In recent elections, cutting government spending has become a political taboo. Who can forget the Labor Party’s fear inducing “cut to the bone” slogan? The reality of Australian state and federal governments is that there is always inefficient and wasteful spending occurring. It is a certainty that taxation revenue will be squandered because unlike a business or an individual, there are no market prices or accurate profit and loss statement to tell the government if resources are being used efficiently. How do we know what a customs/border security officer is worth? Without market pricing there will be inefficiencies that are usually ignored because the government of the day will always prioritise the political solution over the economic solution.



This post will outline wasteful spending and that there is ample room for reducing government expenditure.

Currently, the federal government is forecast to be in surplus by 2016. This will not happen simply because recessions or financial crisis are likely to occur between now and then. The negative impact of such risks has been ignored when forecasting the budget trajectory.

Recessions are never predicted in advance, which means that forecasts are always optimistic. This is why I doubt Australia will run a surplus in the next 10 years. Consider that for most of 2010 and 2011 the Australian Treasury forecast that they would have a surplus in 2012-13 only to abandon that prediction at the end of 2012!

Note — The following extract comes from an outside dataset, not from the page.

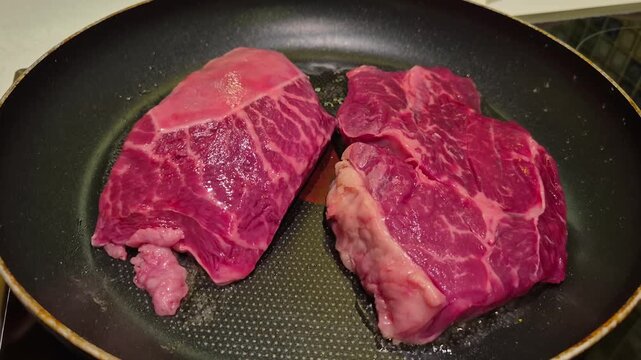 Close-up of beef steaks being cooked in a frying pan
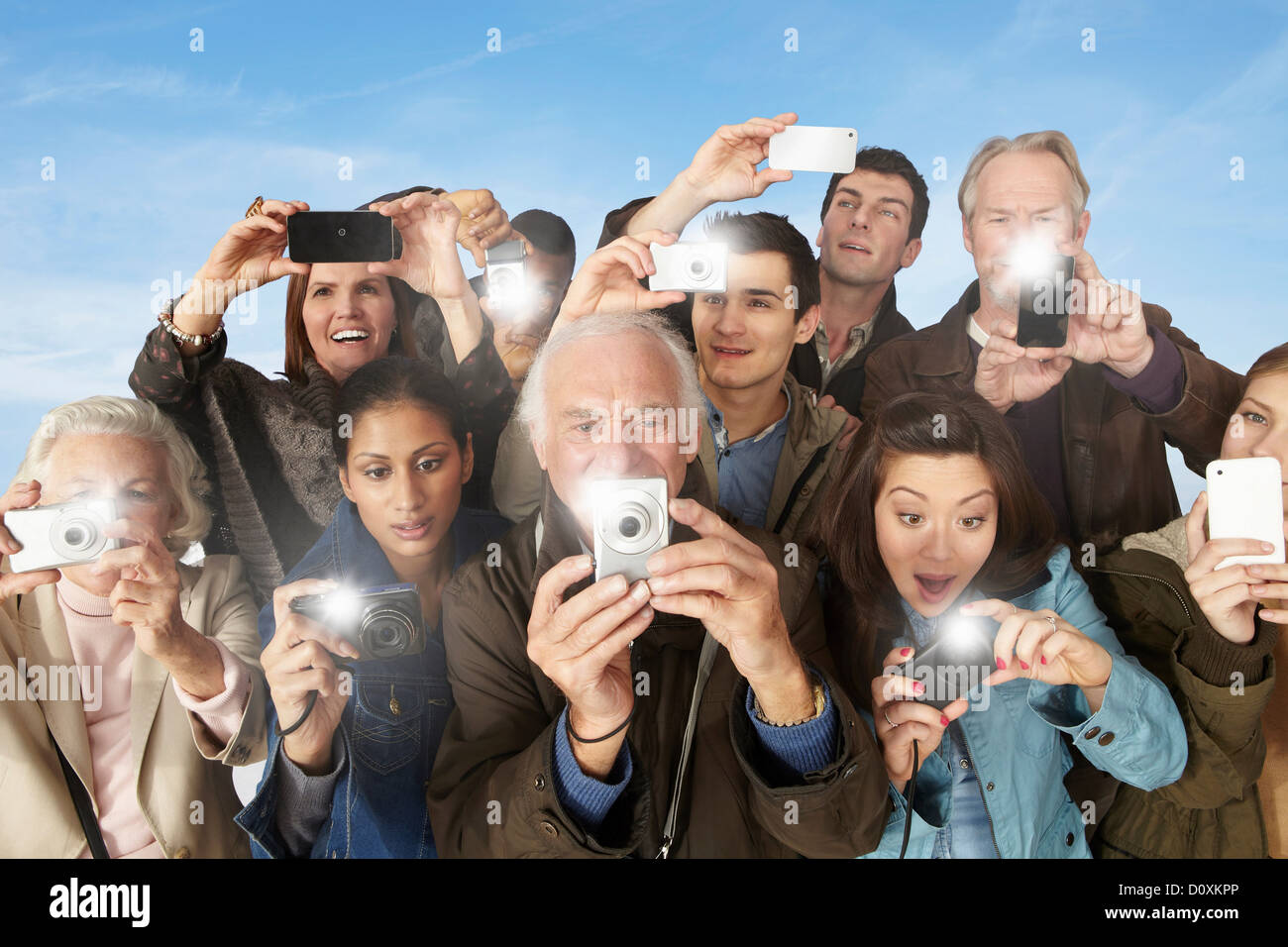 Group of people taking photographs Stock Photo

It was only a year or two ago, these same mainstream economists were saying running deficits are okay during “low-growth periods”. But what if these are the good times and the worst is yet to come? It means that the deficits will grow and we will enter a debt spiral in which deficits cannot be contained without political blowback and the debt balloons into the stratosphere. Eventually, markets lose confidence and interest rates spike as the threat of default looms. The fallacy that people make when thinking about debt crises is that the problem does not start when rates spike but in the years prior when debt accumulates. It is still early days but remedial action needs to be taken now before the government is left to the mercy of the markets.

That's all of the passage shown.